How about something a little more cheery this time?

I create the official T-shirt image for WonderFest each year. It’s my favorite show of this type in the country. It’s a very warm and family-oriented event. They do so many things right with this show. For me, because I return as a guest each year, it always feels like coming home to family.
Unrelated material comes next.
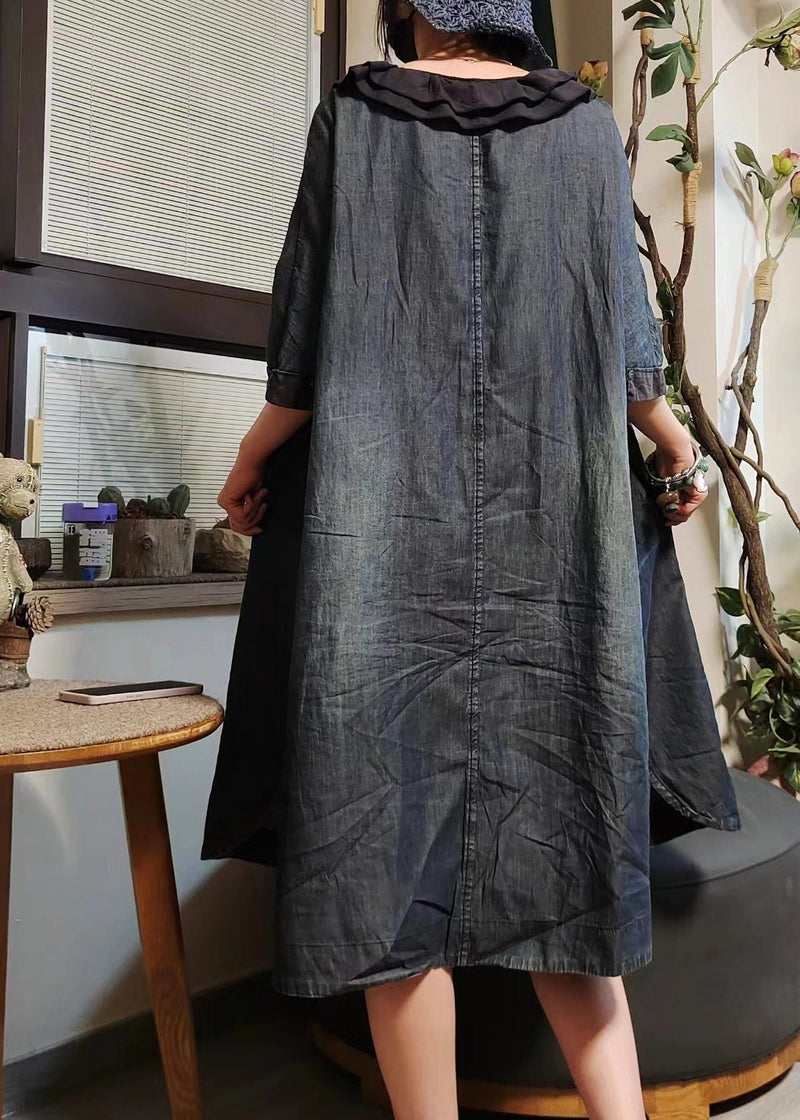 Blue Button Pockets Denim Shirts Dress Half Sleeve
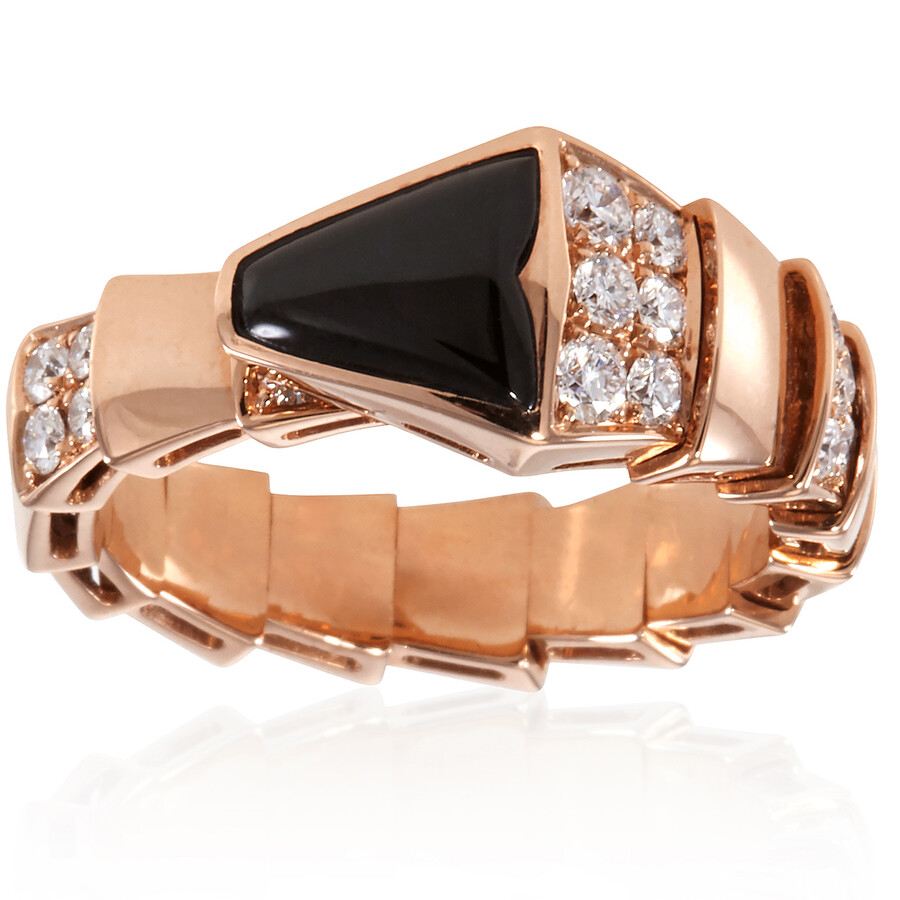 Bvlgari Serpenti Ring With Onyx And Demi Pave Diamonds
The Rondo Awards are hosted there and my favorite thing to do in the evenings is to hang out at the Monster Kids Club House (Monster Kids are the men and women of roughly my generation who grew up loving monsters, primarily due to their exposure on the Shock Theater and Million Dollar Movie television packages and within the pages of Famous Monsters of Filmland magazine).

I thought you might like to see this year’s shirt.
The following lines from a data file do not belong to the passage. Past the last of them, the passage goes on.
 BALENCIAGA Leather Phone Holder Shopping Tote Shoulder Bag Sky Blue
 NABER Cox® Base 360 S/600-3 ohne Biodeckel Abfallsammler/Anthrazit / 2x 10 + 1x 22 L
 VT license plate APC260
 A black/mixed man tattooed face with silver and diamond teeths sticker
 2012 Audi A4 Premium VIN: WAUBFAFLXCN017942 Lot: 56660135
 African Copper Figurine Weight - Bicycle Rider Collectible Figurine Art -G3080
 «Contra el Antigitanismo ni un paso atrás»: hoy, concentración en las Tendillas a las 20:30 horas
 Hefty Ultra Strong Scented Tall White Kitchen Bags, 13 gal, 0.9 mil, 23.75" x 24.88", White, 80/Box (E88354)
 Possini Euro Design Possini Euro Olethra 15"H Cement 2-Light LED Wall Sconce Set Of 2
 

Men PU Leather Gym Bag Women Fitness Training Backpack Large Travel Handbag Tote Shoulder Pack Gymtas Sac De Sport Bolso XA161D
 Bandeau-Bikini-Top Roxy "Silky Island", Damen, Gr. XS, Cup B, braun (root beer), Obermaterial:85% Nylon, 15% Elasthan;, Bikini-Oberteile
I began, as usual, by getting notes from WonderFest as to what this year’s themes or who this year’s guests would be. The answer to that was Sara Karloff and Victoria Price, the respective daughters of horror film stars Boris Karloff and Victoria Price, as well as Marta (Lost in Space) Kristen, Greg (The Walking Dead) Nicotero and my artist pal Frank (Sketchy Things) Dietz. Also, there was to be a tribute to the Weird-ohs monster/car model kits.

I decided to make Price and Karloff the focus of the shirt’s image. But how to combine those two? I could have portrayed them as they were in the films they did together: The Raven and Comedy of Terrors.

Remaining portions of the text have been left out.